Après tout n’est pas non plus parfait dans ce roman, il s’agit d’un des premiers roman de l’auteur et parfois ça se sent un peu dans certains artifices pour garder accroché le lecteur qui manquent un peu de finesse. Ensuite vers les deux tiers du récit un certain essoufflement se fait ressentir, multipliant les rebondissements pour garder le plus tard possible cette dernière surprise qui, certes, est rattrapé par un final des plus cosmique, flamboyant et fascinant, mais frustre légèrement. Enfin j’avoue ne pas avoir complètement accroché à l’humour, principalement des Salvoïdes, à base de jeux de mots, mais là ça dépendra clairement de chacun, je pense simplement ne pas avoir le même humour. Cela ne gâche en rien le récit, juste une petite impression de passer à côté de quelque-chose.

La plume de l’auteur se révèle vivante, entrainante, efficace nous plongeant facilement dans son récit rempli d’aventures tout en oubliant pas de nous faire réfléchir. Un récit globalement enlevé qui, je pense, mérite d’être découvert et qui en plus permet de se faire une idée sur un panel assez large du genre de la science-fiction. Au final j’ai passé un très bon moment de lecture avec ce roman et je lirai sans soucis d’autres écrits de l’auteur.
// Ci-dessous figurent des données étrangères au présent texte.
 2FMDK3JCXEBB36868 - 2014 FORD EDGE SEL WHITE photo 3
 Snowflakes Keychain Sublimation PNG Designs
En Résumé : J’ai passé un très bon moment de lecture avec ce roman qui nous propose de suivre Kerl dans sa quête d’un amour impossible, qui va se révéler être un récit bien plus complexe et fascinant que cela. Entre aventure, amour, satire politique et humour on obtient une histoire dense et terriblement efficace malgré un démarrage peut-être un peu lent. L’univers qui nous est présenté se révèle solide et offre de nombreuses réflexions, même si j’aurai aimé en savoir plus sur certains aspects. Surtout avec ce roman l’auteur nous offre une définition large de la science fiction, allant du raisonné vers l’improbable en passant par d’autres genres et surtout sans jamais se perdre ni rendre l’ensemble absurde ou ennuyeux. Les personnages se révèlent complexes, attachants et entrainants, j’ai juste eu du mal à accepter le fait que le héros ait plus de 70 ans au vu de toutes les péripéties qu’il rencontre. Je regrette par contre une certaine longueur qui apparait dans le dernier tiers du récit, un humour à base de jeux de mots dont j’ai eu du mal à accrocher et certains artifices facilement devinables, mais bon rien de bloquant ou de complètement dérangeant. La plume se révèle entrainante, efficace et soignée et je lirai sans soucis d’autres écrits de l’auteur.